Uvedale, who had proceeded M.A. in 1666, became LL.D. of Cambridge in 1682. In 1696 his neighbour, Archbishop John Tillotson, appointed Uvedale to the rectory of Orpington, Kent, with the chapelry of St Mary Cray, but he appears not to have resided. He died at Enfield on 17 August 1722, and was buried in the parish church.

==Horticulture==
As a horticulturist Uvedale earned a reputation for his skill in cultivating exotics, being one of the earliest possessors of hothouses in England.
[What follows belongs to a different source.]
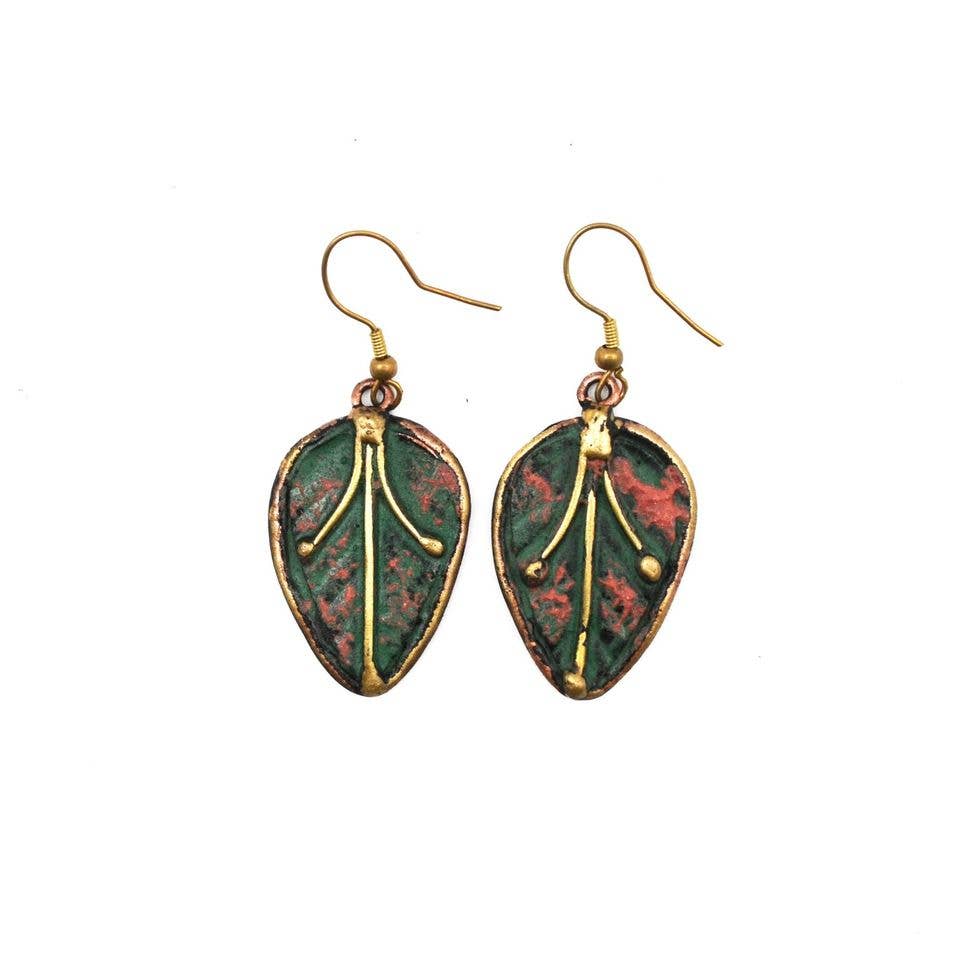 Brass Patina Leaf Earrings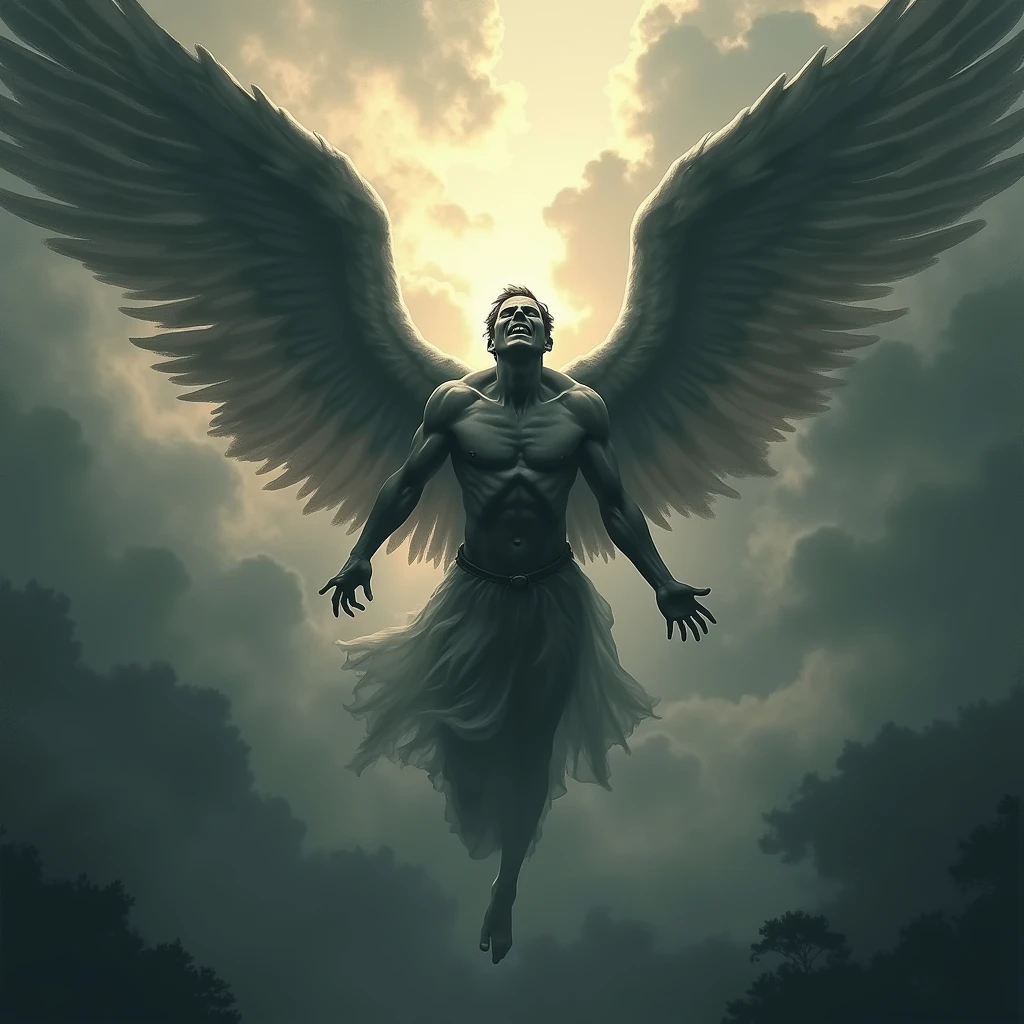 an angel falling from the sky, Lucifer, your gaze is one of hate and envy, but he is not worried about the fall. dark and fanciful image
In John Nichols's Literary Illustrations are sixty letters from Uvedale to Richard Richardson of North Bierley, dated between 1695 and 1721, mainly referring to the exchange of plants.

==Works==
Uvedale was invited to contribute the life of Dion to the translation of Plutarch, edited by Dryden, Somers, and others, published between 1683 and 1686. Uvedale's portion appeared in 1684.

==Legacy==
After his death Uvedale's growing plants were mostly sold to Sir Robert Walpole for his collection at Houghton Hall. His herbarium, in fourteen thick volumes, forms vols. 302–15 of the Sloane collection. It contains plants not only from Sherard, Richardson, Petiver, Plukenet, Robart, Rand, Dale, Doody, Sloane, and Du Bois, but also from Tournefort, Magnol, Vaillant, and other continental botanists, labelled by Uvedale. Petiver founded a genus Uvedalia in Uvedale's honour, which, however, became Polymnia Uvedalia of Linné, and Robert Brown gave the same name to a genus, Uvedalia, of Australian plants, merged by De Candolle into the genus Mimulus, and resurrected in 2012.

==Family==
Uvedale married Mary (1656–1740), second daughter of Edward Stephens of Charrington, Gloucestershire, granddaughter of Sir Matthew Hale. By her he had five daughters and three sons:

- Robert Uvedale, D.D., fellow of Trinity College, Cambridge, vicar of Enfield from 1721 till his death in 1731;
- James Uvedale, M.A., rector of Bishop's Cleeve, Gloucestershire; and
- Samuel Uvedale, B.A., rector of Barking, Suffolk, and father of Admiral Samuel Uvedale, who served with Lord Rodney.